Blocking the interaction between cancer cells and their microenvironment could be a viable strategy to eliminate cancer cells that stray from the primary tumor, thereby preventing cancer’s spread, according to a study.
“Targeting the perivascular niche sensitizes disseminated tumour cells to chemotherapy,” was published in Nature Cell Biology.
While treatments with chemotherapy and hormone therapy after surgery significantly improve the lives of breast cancer patients, nearly 10% of these patients will relapse within five years. This is caused by cancer cells that manage to stray from the primary tumor before being detected and invade other tissues in the body, called disseminated tumor cells (DTCs).
Once DTCs migrate and establish themselves in distant tissues, systemic conventional chemotherapy “with regimens that include dose-dense Adriamycin (also known as doxorubicin) plus cyclophosphamide (AC) and/or paclitaxel (also known as Taxol)” fails to eliminate them.
Scientists long believed the reason DTCs resist chemotherapy is that most of them remain in a quiescent (non-proliferative) state. Now, a team of researchers from the Fred Hutchinson Cancer Research Center in Seattle, Washington, and their collaborators challenged this idea, arguing that it is the microenvironment, and not cancer cells’ state, that shields DTCs from chemotherapy.
To prove this, researchers first injected green-fluorescent cancer cells into mice, treated them with surgery and chemotherapy, and tracked the cells for five weeks.
Cell tracking revealed that cancer cells that resisted chemotherapy had migrated and settled in the perivascular niche (the vicinity of blood vessels) within the bone marrow.
The cells lining blood vessels — called endothelial cells — are not just passive conduits of blood; they produce a plethora of factors that regulate biological processes, including the development of the immune system and some cancer processes.

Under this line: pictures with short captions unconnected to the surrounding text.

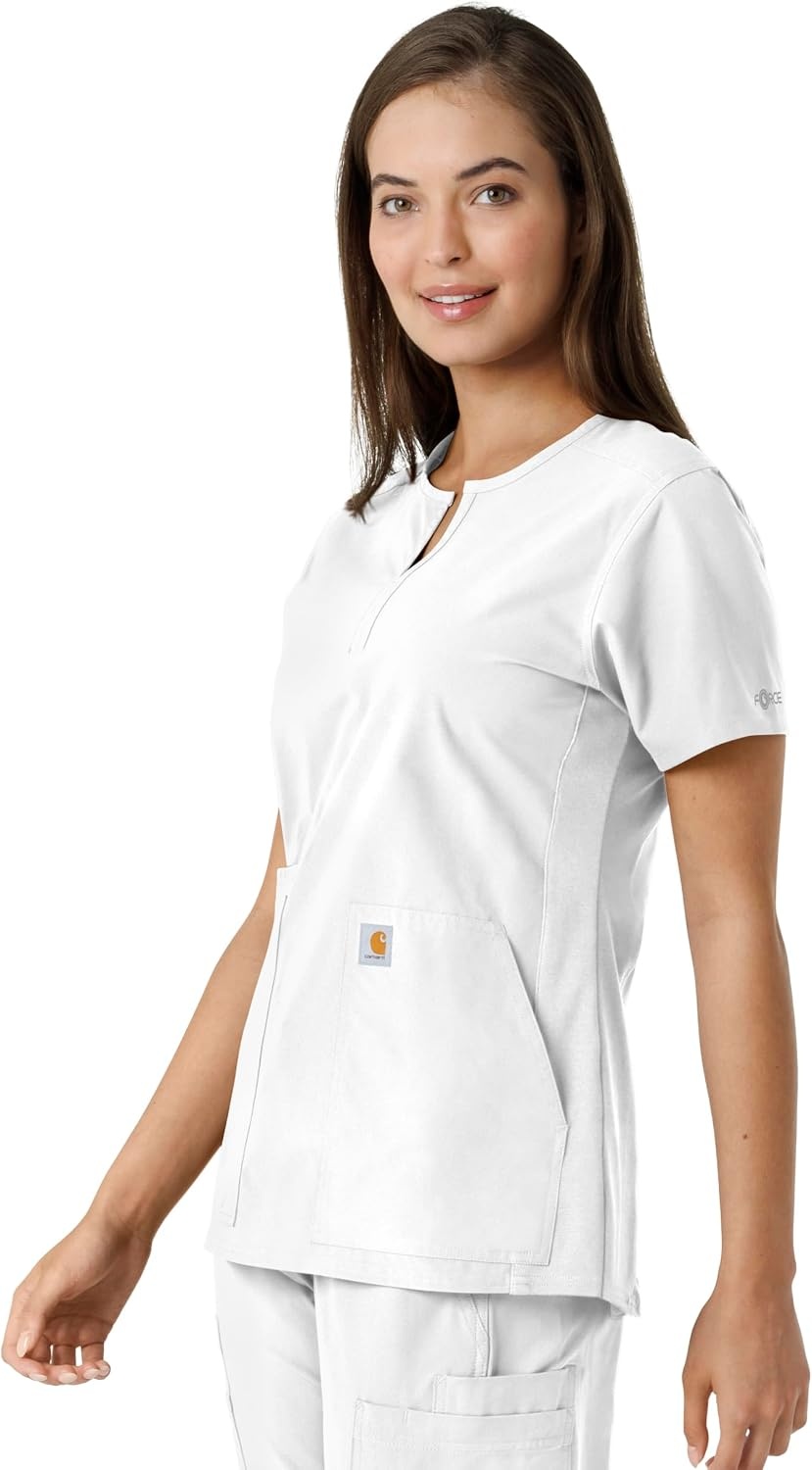 image:imageCarhartt Scrubs C12413 Womens Force Essentials Modern Fit Notch NeckWhite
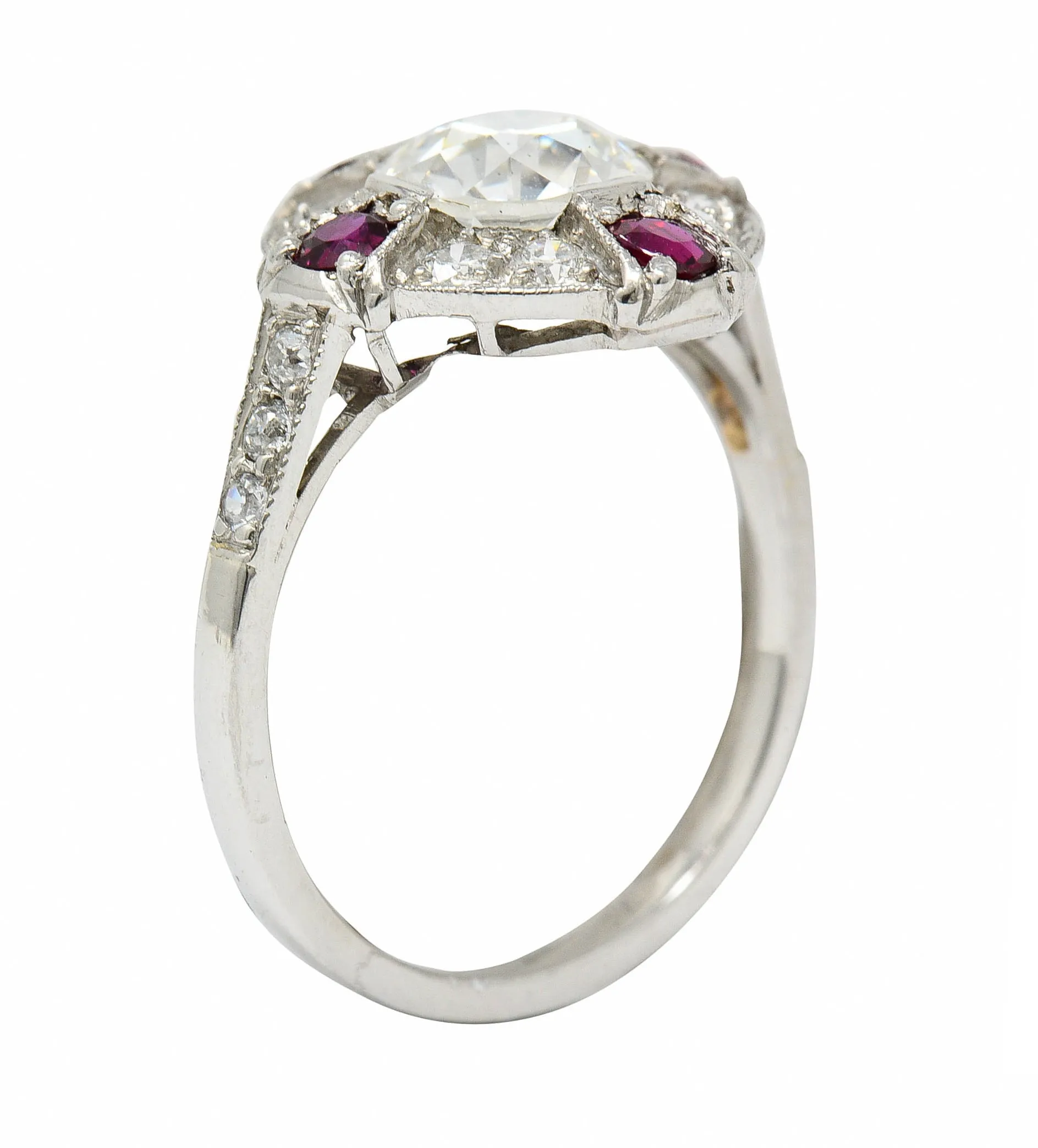 1930's Art Deco 2.32 CTW Diamond Ruby Platinum Halo Ring GIA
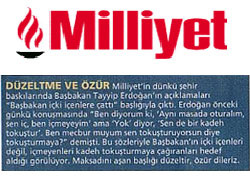 Milliyet Erdoğandan özür diledi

Thus, researchers investigated whether these endothelial cells were protecting cancer cells from chemotherapy, and if so, how. They developed a culture system that mimicked bone marrow interactions, including breast cancer cells, endothelial cells, and cells of the bone marrow connective tissue.
Results showed that endothelial cells, but not other bone marrow cells, protected cancer cells from chemotherapy. This protection was mainly mediated by two endothelial factors: von Willebrand factor (vWF), a molecule that contributes to atherosclerosis, and vascular cell adhesion molecule 1 (VCAM-1), a protein that mediates the adhesion between endothelial cells and other types of cells.
Blocking the interaction between breast cancer cells and the blood vessels by inactivating VCAM-1 and other adhesion molecules sensitized the cancer cells to chemotherapy, ultimately preventing cancer from spreading. Of note, this sensitization was achieved without changing the proliferative state of the cancer cells or increasing chemotherapy doses.
“Our work provides critical insight about how therapeutic resistance of [bone marrow] DTCs can be overcome,” researchers said.
However, whether eliminating these disseminated cancer cells in the bone marrow will also prevent metastasis in other regions of the body remains to be addressed. Because breast cancers often spread to the bone, researchers propose studying disseminated cancer cells in other cancers that are more prone to metastasize outside the bone.
“For now, we can conclude that adjuvant chemotherapy can be modified to target the perivascular niche, resulting in depletion of the BM DTC reservoir and prevention of bone metastasis,” they said.